Add a continuous wave Doppler image at the mitral valve, and obtain a spectral pulsed tissue Doppler image at the mitral annulus. Record an M-mode image of the mitral annulus to obtain a mitral annular plane systolic excursion measurement. Focusing on the right cardiac chambers, record a 2D loop with color Doppler imaging at the tricuspid valve and the right atrium.
Then, obtain a spectral pulsed tissue Doppler image at the tricuspid annulus, and place the 2D cursor at the tricuspid lateral annulus to record an M-mode image of the tricuspid annular plane systolic excursion. To obtain an apical five-chamber view from the four-chamber view, tilt the probe slightly anterior to the chest. Record a 2D loop with color Doppler imaging at the aortic valve and the left ventricular outflow tract, and place the cursor parallel to the flow with the sample at the left ventricular outflow tract to obtain a spectral pulsed wave Doppler image at the left ventricular outflow tract.

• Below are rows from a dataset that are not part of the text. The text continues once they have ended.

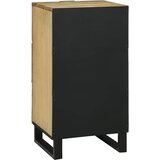  Komoda s ladicama Smeđa 40 x 33 x 75 cm masivno drvo manga | shoptok.hr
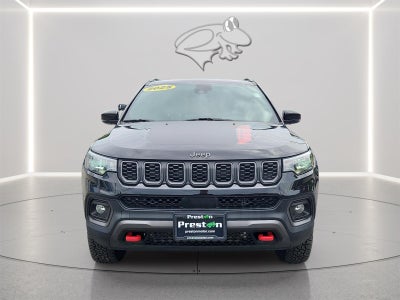 2025 Jeep Compass Trailhawk
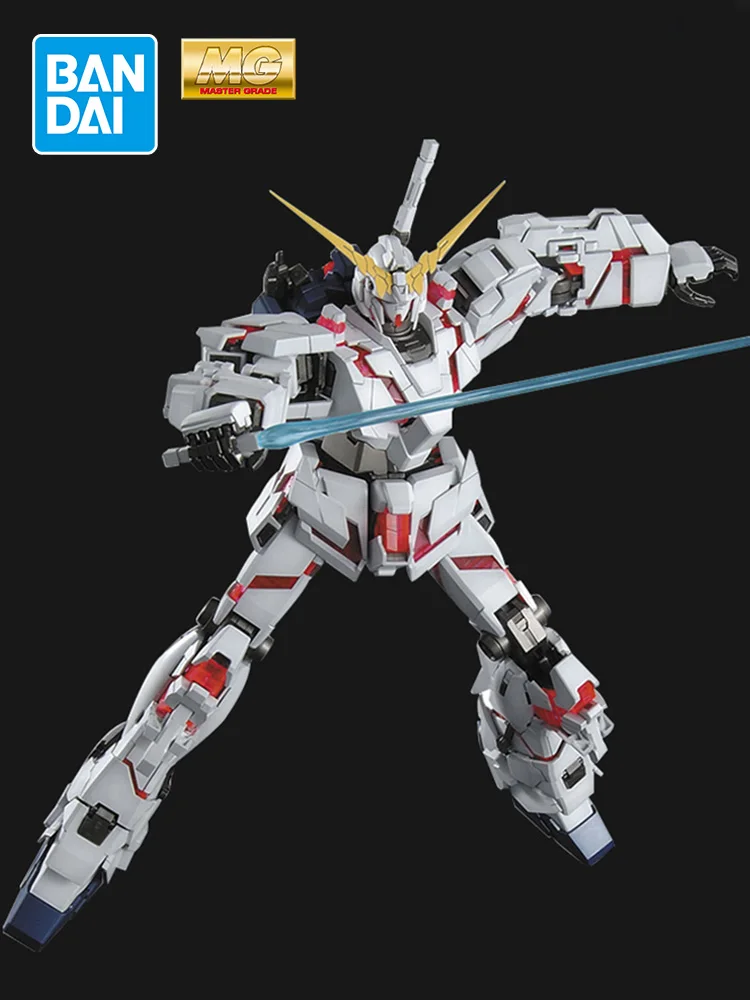 

BANDAI GUNDAM MG 1/100 OVA RX-0 Assemble Model Kits Anime Action Figures Toys Kids Gifts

Then, acquire a spectral pulsed wave Doppler image at the left ventricle mid-cavity for simultaneous left ventricular inflow and outflow wave measurement, and obtain a spectral continuous wave Doppler image at the aortic valve. For apical two-chamber viewing, return the probe to the four-chamber view position, and rotate the probe 90 degrees counterclockwise. Then, record a 2D loop of all of the views, and record a 2D loop with color Doppler imaging at the mitral valve.
To obtain an apical three-chamber view, tilt the probe slightly cranially, and record a 2D loop with color Doppler simultaneously at the aortic and mitral valves. To obtain a suprasternal window view, position the probe on the left side of the supraclavicular space with the probe directed downward, and record a 2D loop of the aortic arch. Then, acquire a spectral pulsed wave Doppler image at the ascending and descending aortas.

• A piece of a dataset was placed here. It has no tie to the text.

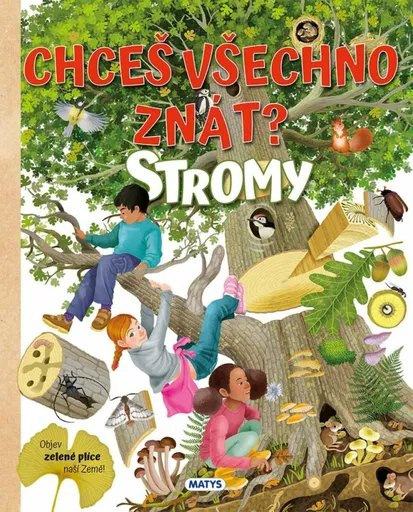Chceš všechno znát? Stromy - Eleonora Barsotti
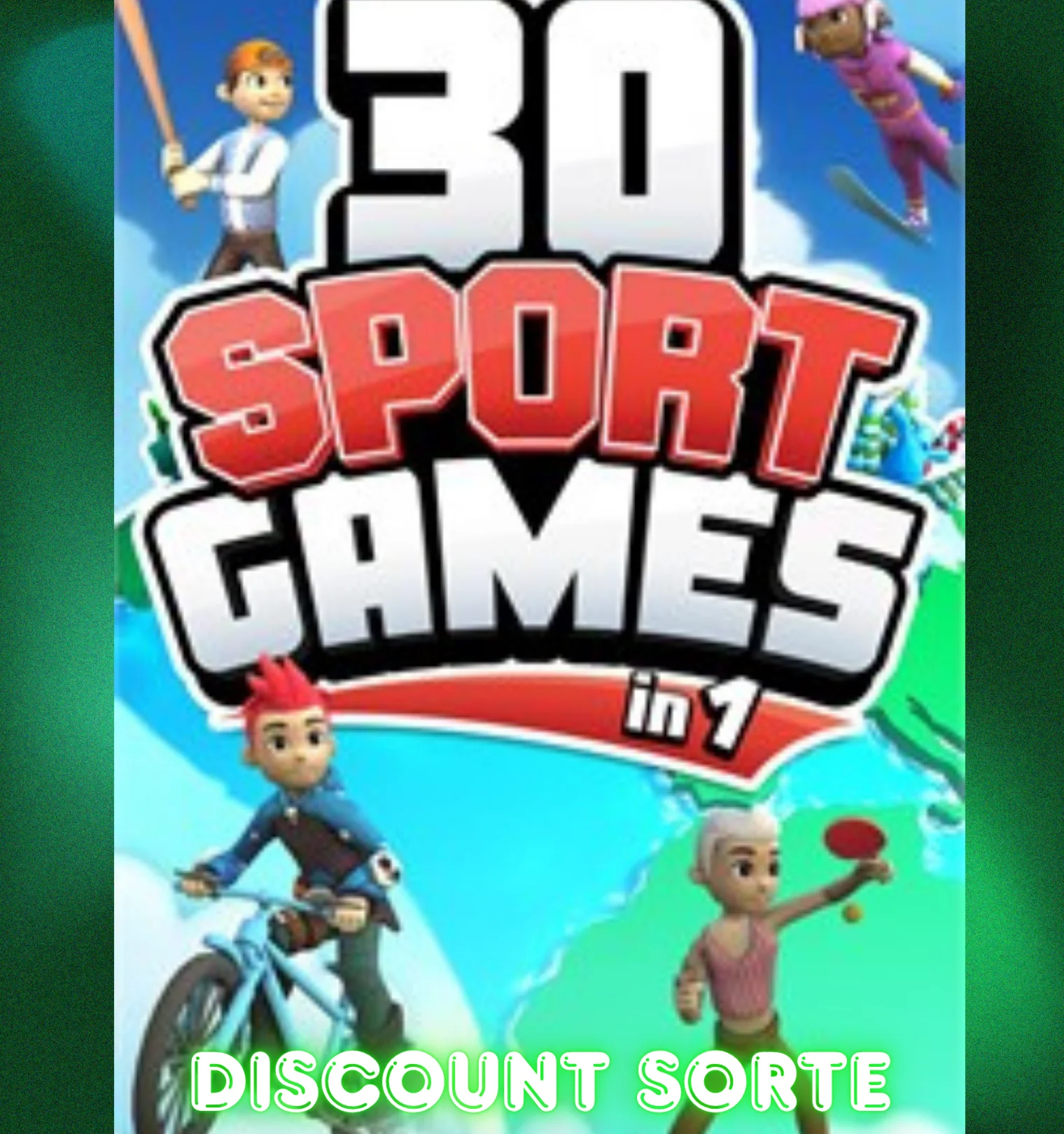 30 Sport Games in 1 XBOX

The parasternal window long-axis view allows accurate measurements of the left ventricle interventricular septum thickness in diastole, left ventricle internal diameter in diastole and systole, posterior wall thickness, fractional shortening, ejection fraction, left ventricle mass, and parietal thickness. The parasternal window short-axis view allows visualization of the right ventricular outflow, the aortic valve, the pulmonary artery, and the left ventricular mid-cavity size and function. In the apical four-chamber view, all four chamber dimensions and the function of the left ventricle can be assessed.
The apical two-chamber view focuses on the left atrium and ventricular size and function. The left ventricular diastolic function can be assessed by pulsed Doppler imaging at the mitral valve. Under normal conditions, the early flow coincident with the E-wave is higher than the later flow that occurs with the atrial contraction.
Spectral tissue Doppler imaging can be used to evaluate the systolic and diastolic function over a cardiac cycle and has one positive systolic peak representing the myocardial contraction and two negative diastolic peaks that can be assessed at the mitral annular level from the septal or lateral annulus. The myocardial deformation of the left ventricle can be evaluated by analysis of the longitudinal strain in the four-chamber view. The standardization of methods and measurements is critical, as obtaining more precise echocardiographic diagnosis of animal models results in a better understanding of the molecular biology of human cardiovascular diseases.